Questo per dire che esiste una questione di rilievo internazionale, imbastita su accordi diplomatici e leggi di Stato, che è fatta sostanzialmente di materia umana e un carico spaventoso di morte, questione di sopravvivenza e disperata ricerca di condizioni semplicemente umane di vita, che ad ogni sbarco soccombe contro il muro del linguaggio burocratico e politico, le ipocrisie dei governanti di turno, le loro parole impudiche davanti a tali tragedie. Fresca di stampa la proposta del vicepremier Alfano di un premio Nobel a Lampedusa, osceno atto ipocrita da parte di esponente di rilievo di un governo, che ha regolamentato gli sbarchi con una legge, che di fatto ha previsto gravi sanzioni ai motopescherecci dell'isola coinvolti in operazioni di soccorso a chi muore in mare. Reato: favoreggiamento all'immigrazione clandestina. Così davanti a questi drammi le parole si sprecano, si ripropongono le stesse identiche dichiarazioni: “Mediterraneo mare di morte, situazione intollerabile, sgomento, tristezza infinita ...”. migranti2

L'unico personaggio politico che non si è prestato all'ennesimo atto di blasfemia massmediatica è stato il ministro Kienge. In occasione della sua visita a Lampedusa, davanti a microfoni e riflettori, sollecitata sulla sua opinione in merito a questa tragedia, ha detto: «Preferisco tenermelo per me». A ribadire che esistono livelli di percezione e accoglienza di una simile tragedia che non possono restringersi al discorso politico di occasione, a sottolineare che invece il discorso politico nasce dalla comprensione di una materia complessa, soprattutto a partire dalla sua dimensione umana. Dimensione scomparsa per decenni nelle parole di esponenti di Governo, solo per emergere per forza di cose davanti ai morti affogati in mare, il loro ultimo viaggio sulle carrette del mare che uccidono, davanti ai corpi sottratti al mare davanti Lampedusa il 3 ottobre, come se esistesse una soglia limite nel numero di morti che induca ad occuparsi della questione.

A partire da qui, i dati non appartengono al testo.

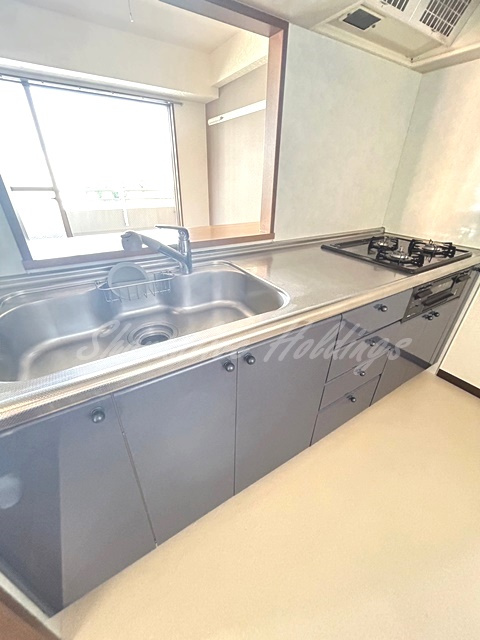 藤沢市鵠沼石上２丁目の賃貸マンションのキッチン
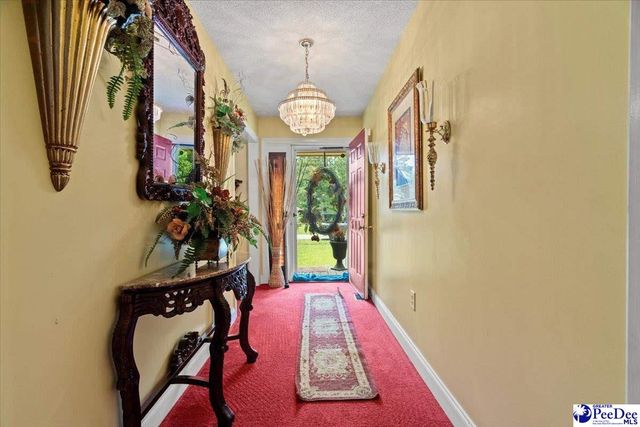 511 N Pinckney St, Timmonsville, SC 29161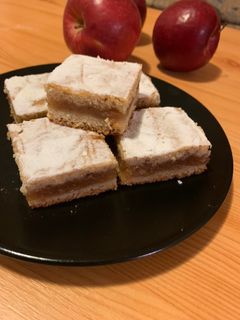 Omlós almás lepény 🍎 recept fotója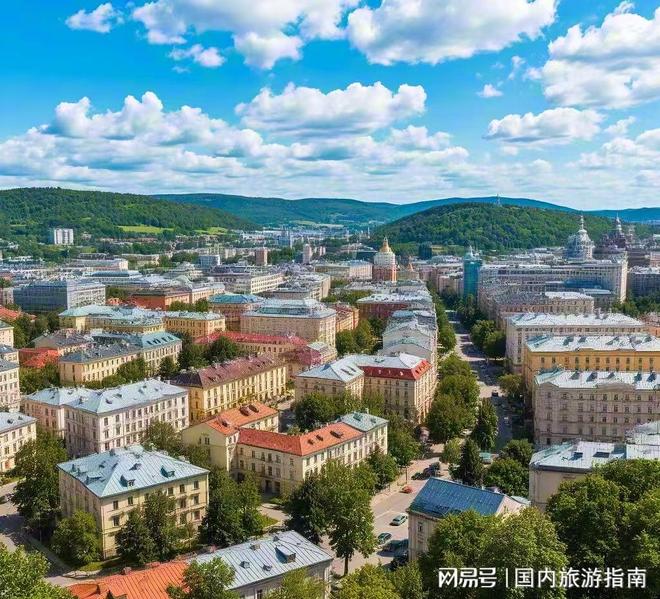 z6尊龙平台：五一俄罗斯旅游团报价怎么查？正规十佳旅行社哪家更靠谱(图1)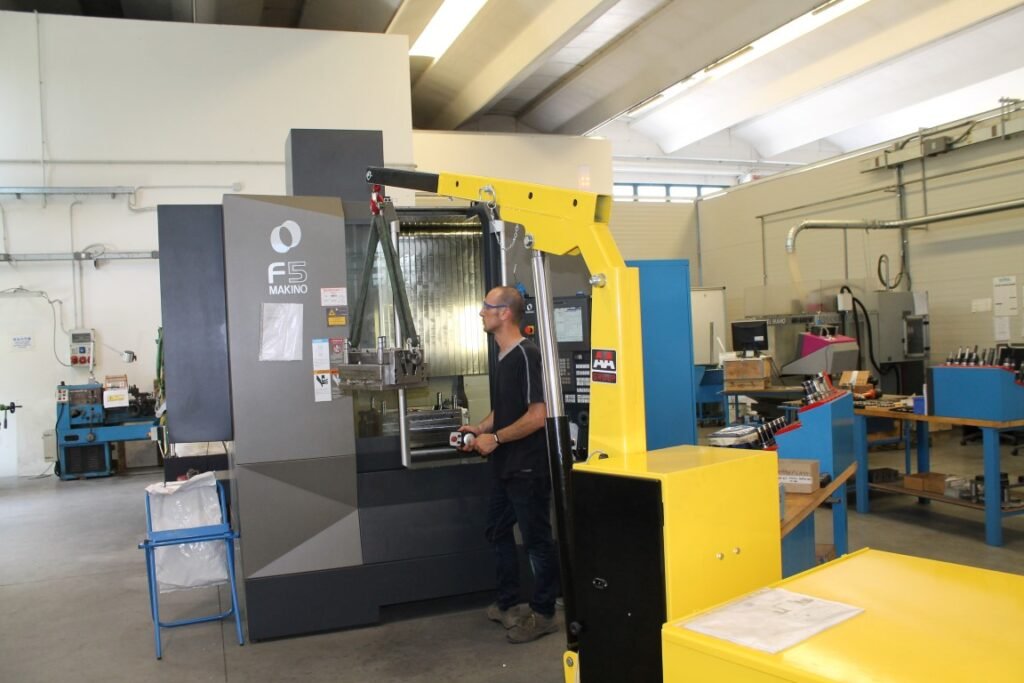 Flex Lifting cranes - Cranes for Plastic materials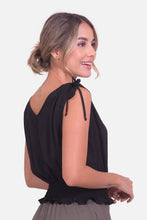 Cargar imagen en el visor de la galería, Blusa Timbu Negra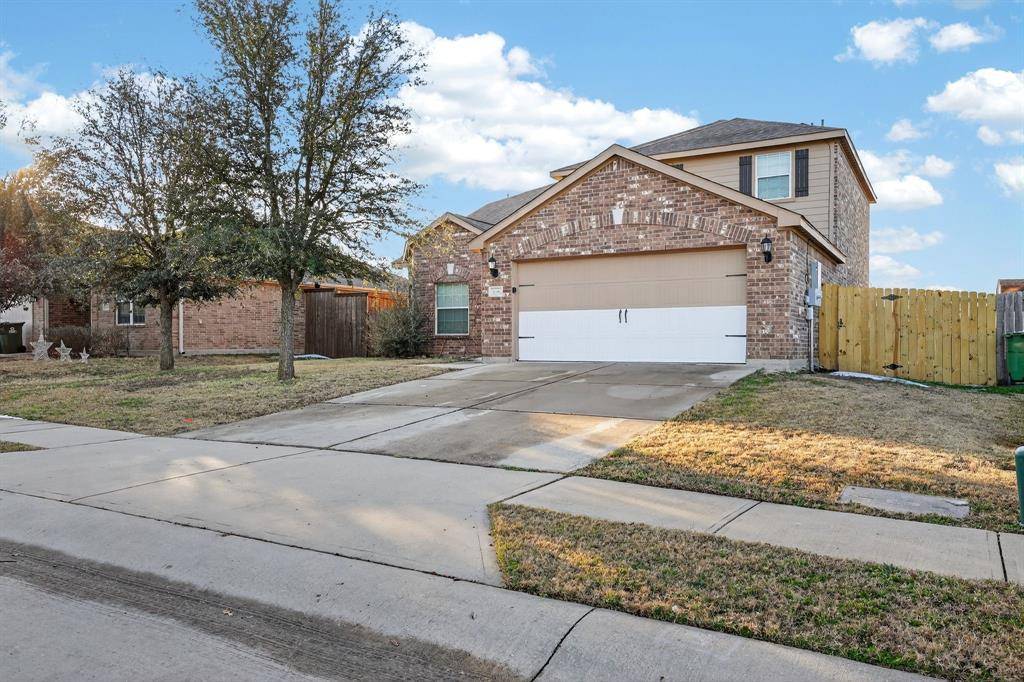 136 Eider Drive, Sanger, TX 76266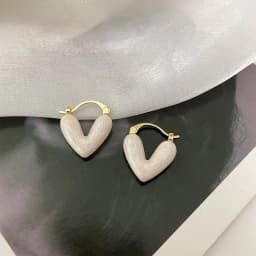 image-Star's same pearlescent color high-end drip glazed peach heart earrings French retro love earrings niche design earrings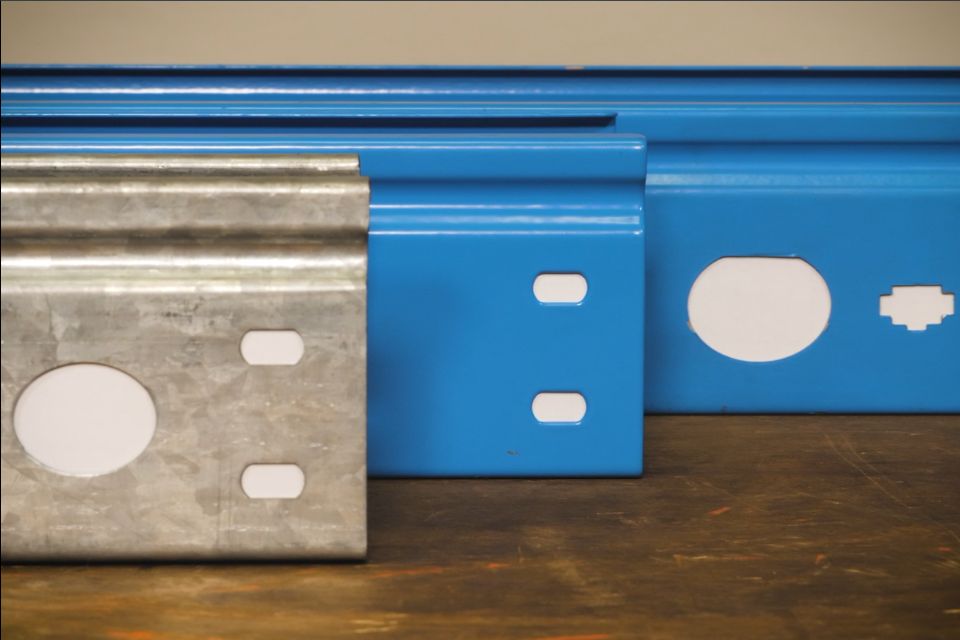 Metal elements that have been punched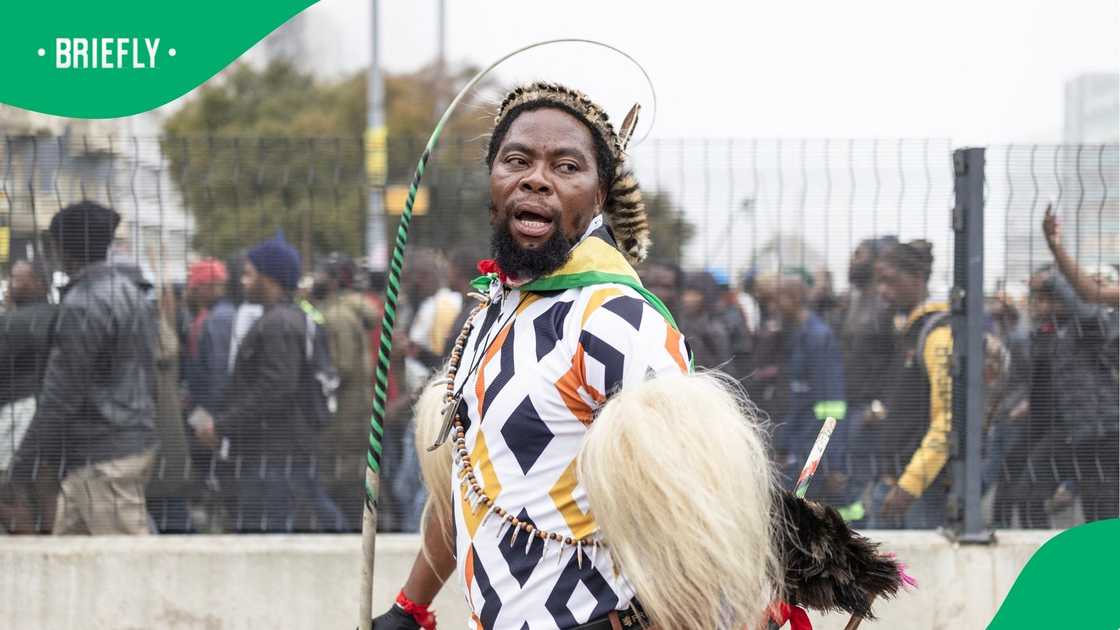 Phakel'umthakathi accuses Maskandi artists of sleeping with men in Sandton Phakel'umthakathi accuses Maskandi artists of sleeping with men in Sandton
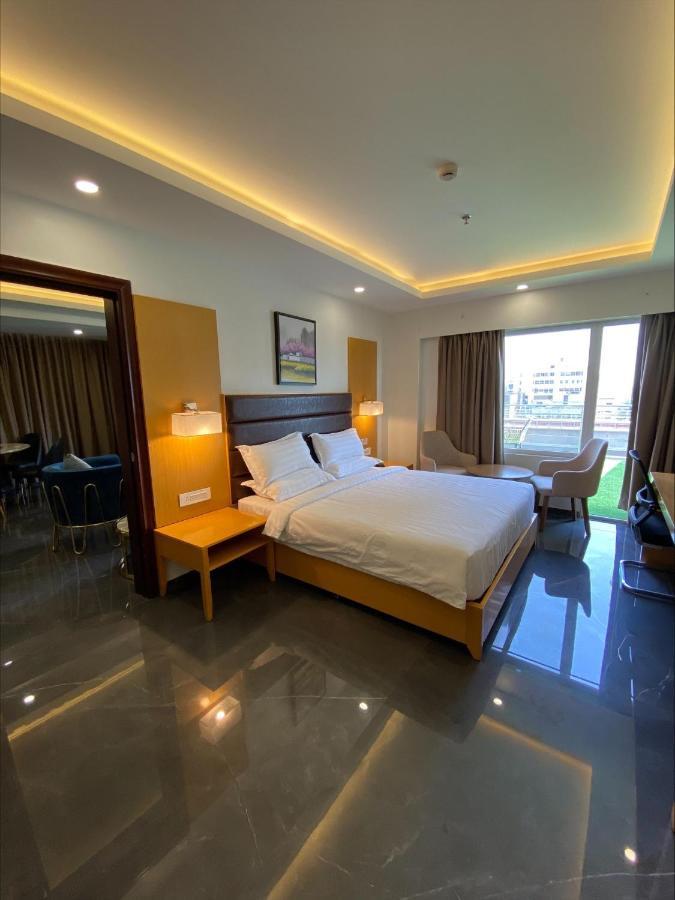 Apricot Hotel , Ahmedabad Exterior foto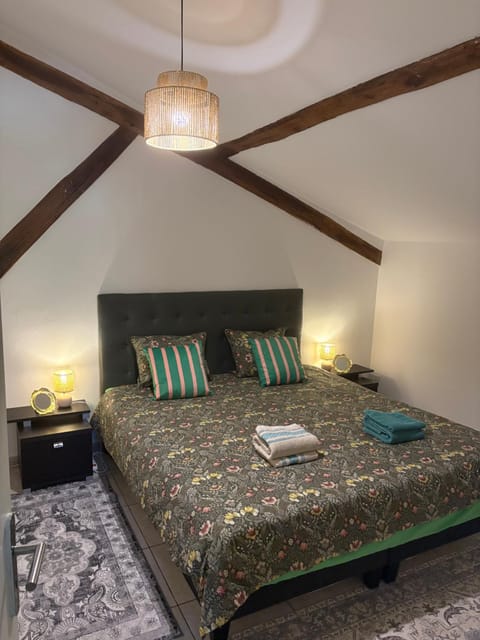 Bed, Bedroom, towels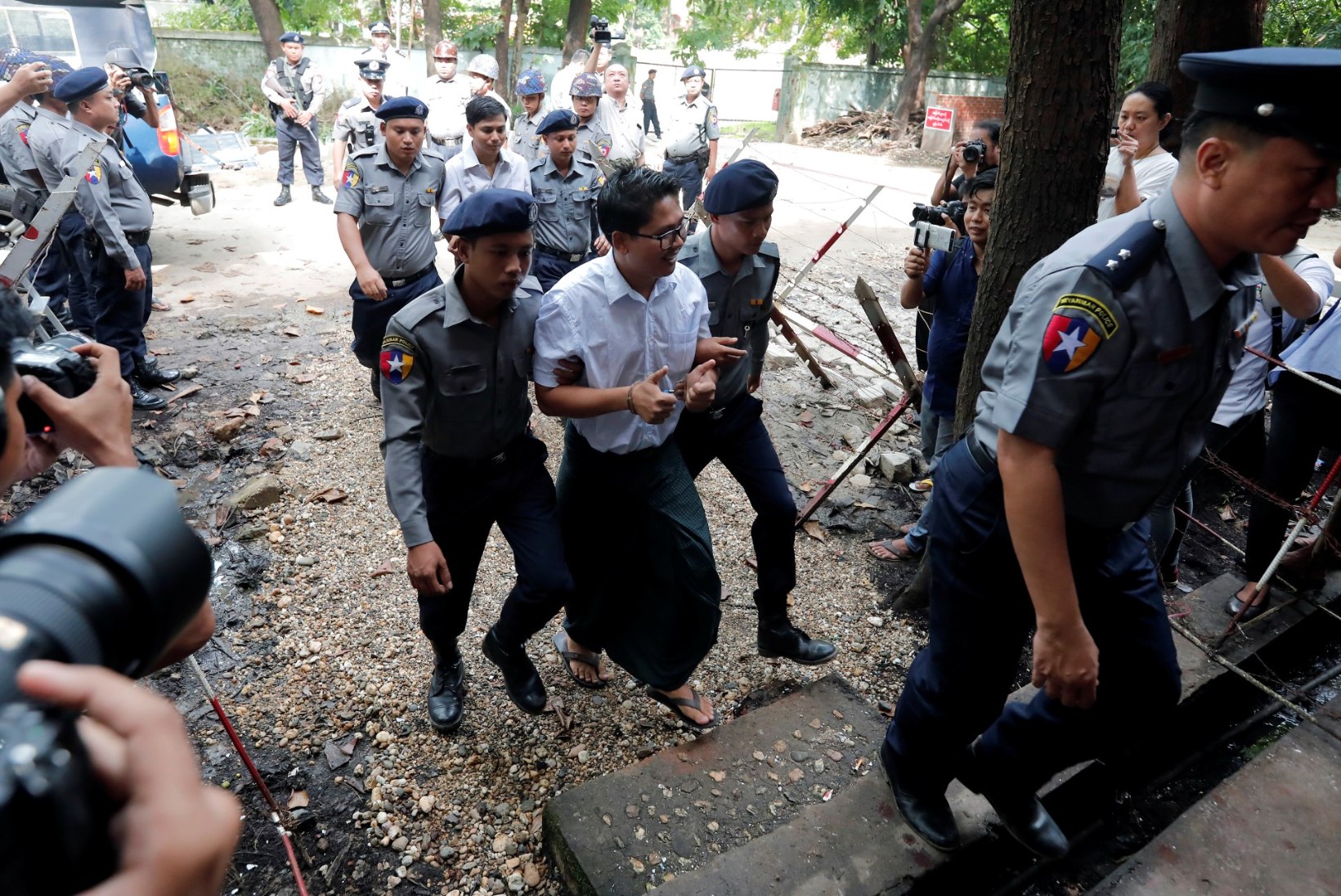Myanmaris vangistati kaks Reutersi ajakirjanikku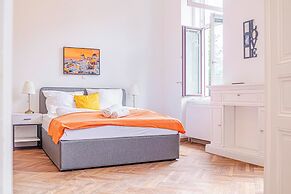 Easy Access 2BR Apartment Near AKH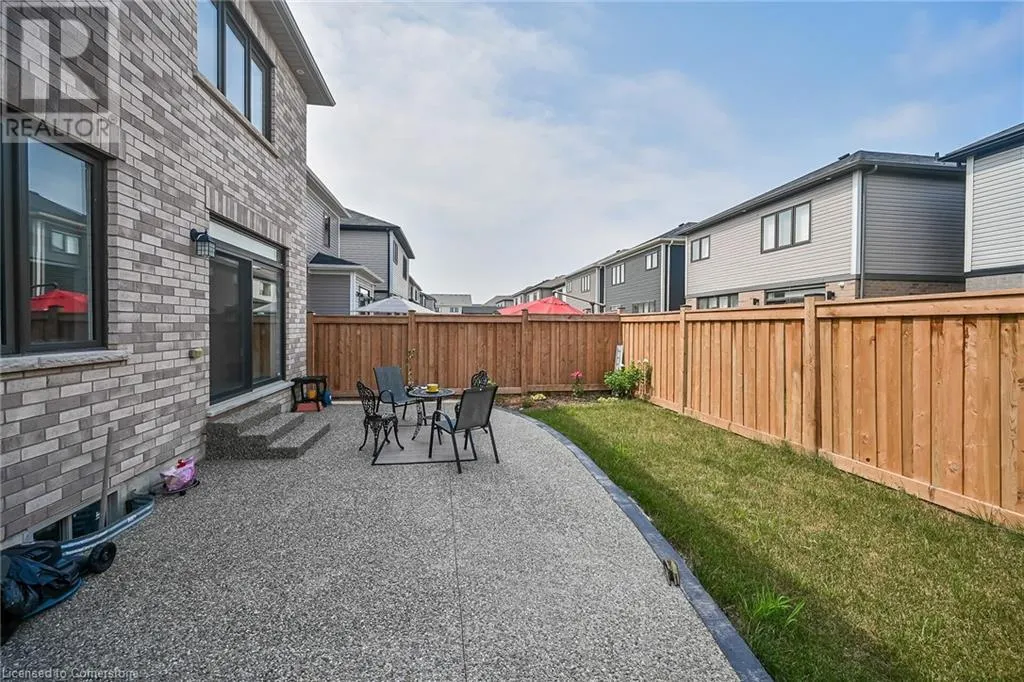 67 MALCOLM Crescent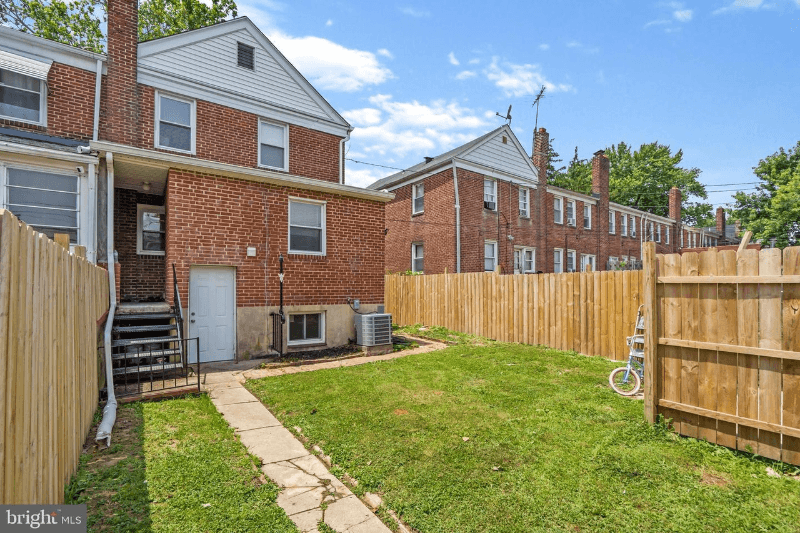 Dundalk Apartment: 2937 Liberty Parkway
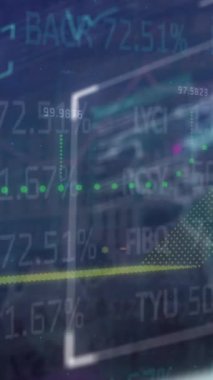 Dünya haritası üzerinde finansal veri işleme ve istatistiklerin animasyonu. Küresel iş, finans ve veri işleme kavramı dijital olarak oluşturulmuş video.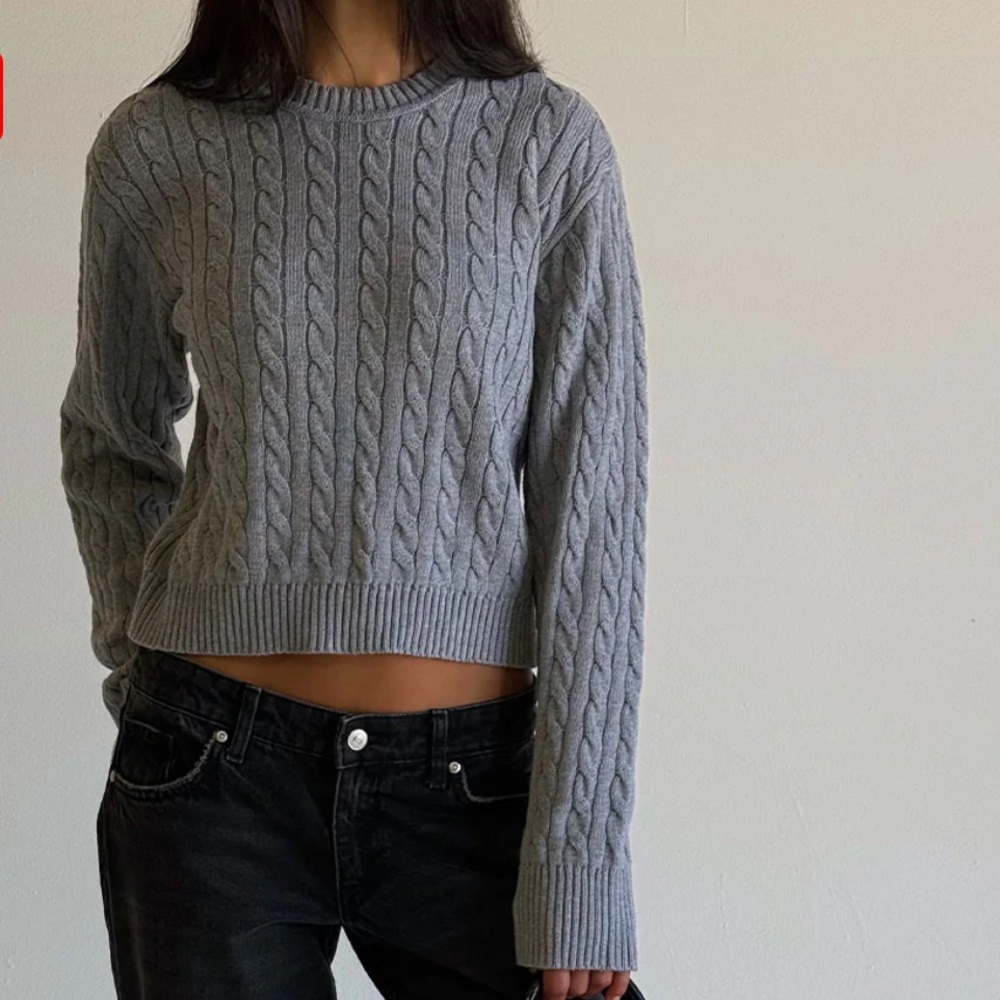 Frankie's Bikinis knit sweater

Ancora una volta l'occhio si ferma solo a ciò che vediamo e già si è pronti a dimenticare altre uguali tragedie: i trecento morti nel canale di Sicilia, il 25 dicembre 1996, a seguito dello scontro fra un cargo battente bandiera libanese e una motonave, e poi la strage nel Canale d'Otranto, donne e bambini albanesi affogati in un'operazione di “respingimento di profughi” ad opera della marina Militare Italiana. Era il 28 marzo 1997, versante adriatico delle coste italiane. Ancora una volta l'operazione fu quella di rimandare indietro, fermare come strategia temporanea, precaria, arginare un problema complesso di ordine sanitario, di pubblica sicurezza, diplomatico con strumenti legislativi persino inadeguati per i tempi e i luoghi che danno origine ai fenomeni migratori.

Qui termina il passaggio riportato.